***** Record set *****

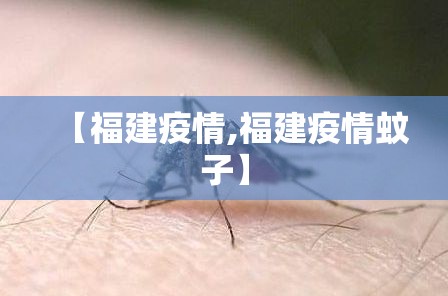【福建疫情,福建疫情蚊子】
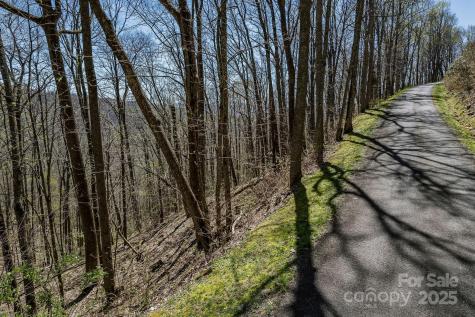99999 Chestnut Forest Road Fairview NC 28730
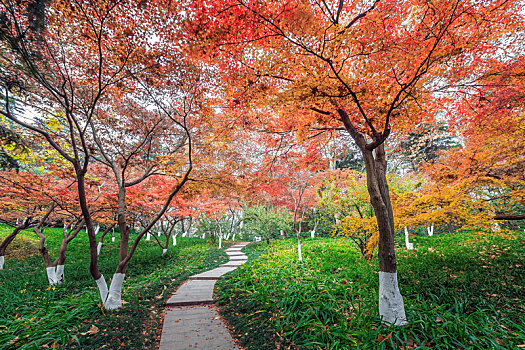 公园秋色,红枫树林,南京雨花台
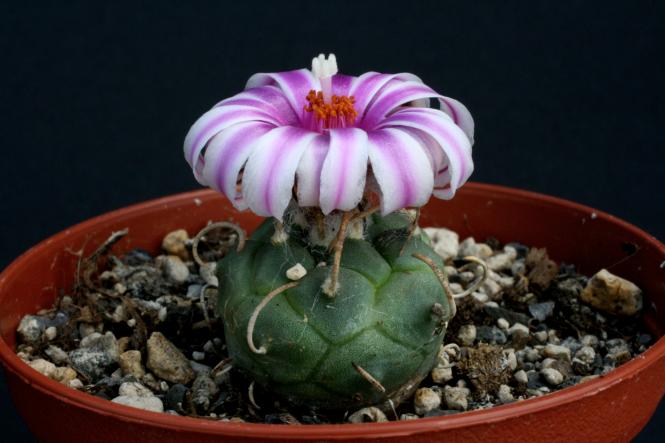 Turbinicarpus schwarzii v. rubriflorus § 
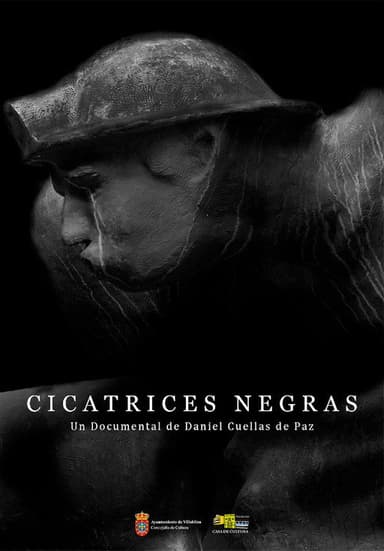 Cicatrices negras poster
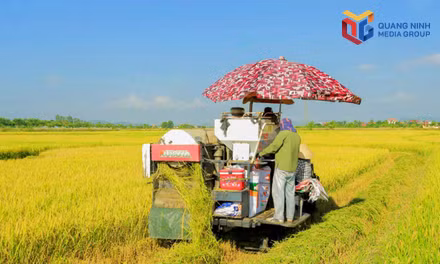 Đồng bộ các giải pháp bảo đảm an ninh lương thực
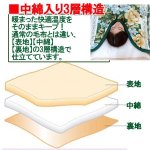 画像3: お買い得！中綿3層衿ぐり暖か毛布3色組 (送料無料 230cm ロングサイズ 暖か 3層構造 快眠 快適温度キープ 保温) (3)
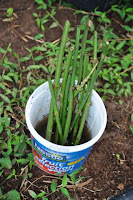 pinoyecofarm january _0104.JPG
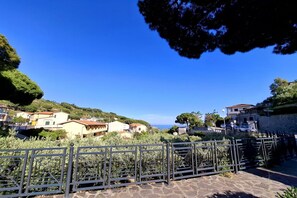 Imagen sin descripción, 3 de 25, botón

*****
***** Record set *****

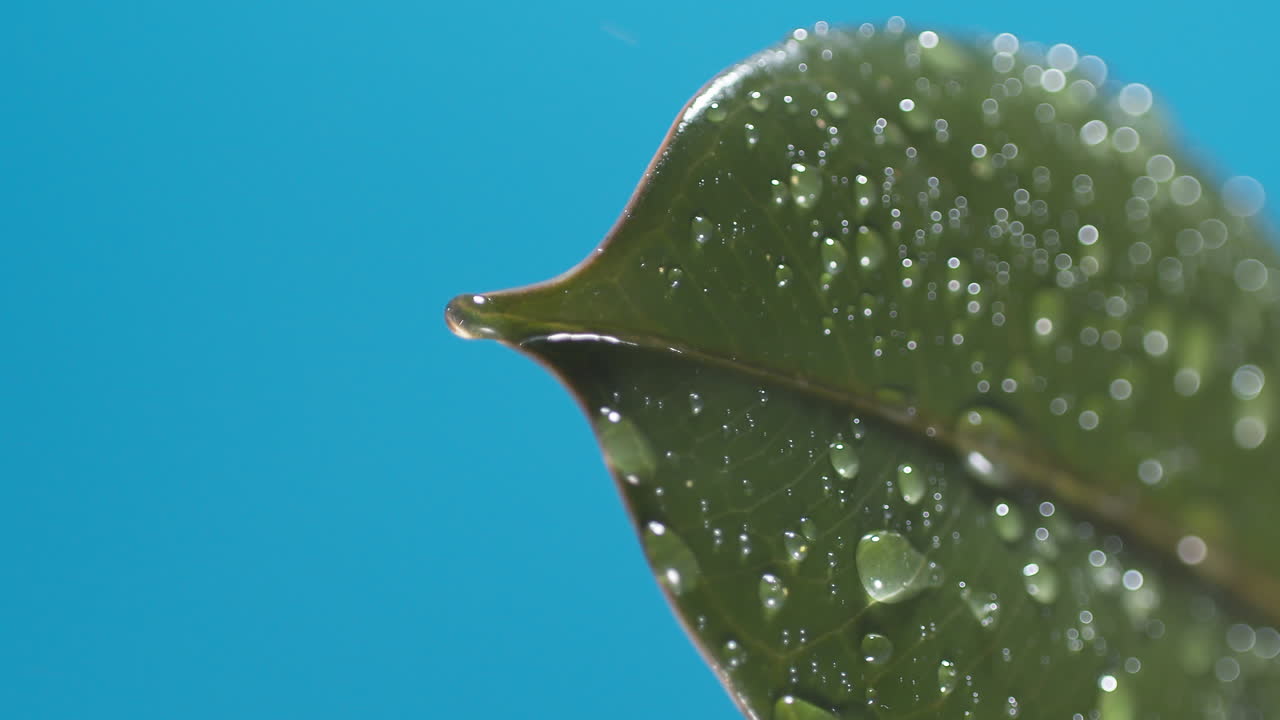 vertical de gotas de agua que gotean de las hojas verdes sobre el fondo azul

*****

▶ What is being asked:
Would you give again, exactly, the lines in the data above that run from the line containing "99999 Chestnut Forest Road Fairview NC 28730" to the line containing "Imagen sin descripción, 3 de 25, botón"? Include both ends and no pictures.

▶ Answer area:
99999 Chestnut Forest Road Fairview NC 28730
 公园秋色,红枫树林,南京雨花台
 Turbinicarpus schwarzii v. rubriflorus § 
 Cicatrices negras poster
 Đồng bộ các giải pháp bảo đảm an ninh lương thực
 画像3: お買い得！中綿3層衿ぐり暖か毛布3色組 (送料無料 230cm ロングサイズ 暖か 3層構造 快眠 快適温度キープ 保温) (3)
 pinoyecofarm january _0104.JPG
 Imagen sin descripción, 3 de 25, botón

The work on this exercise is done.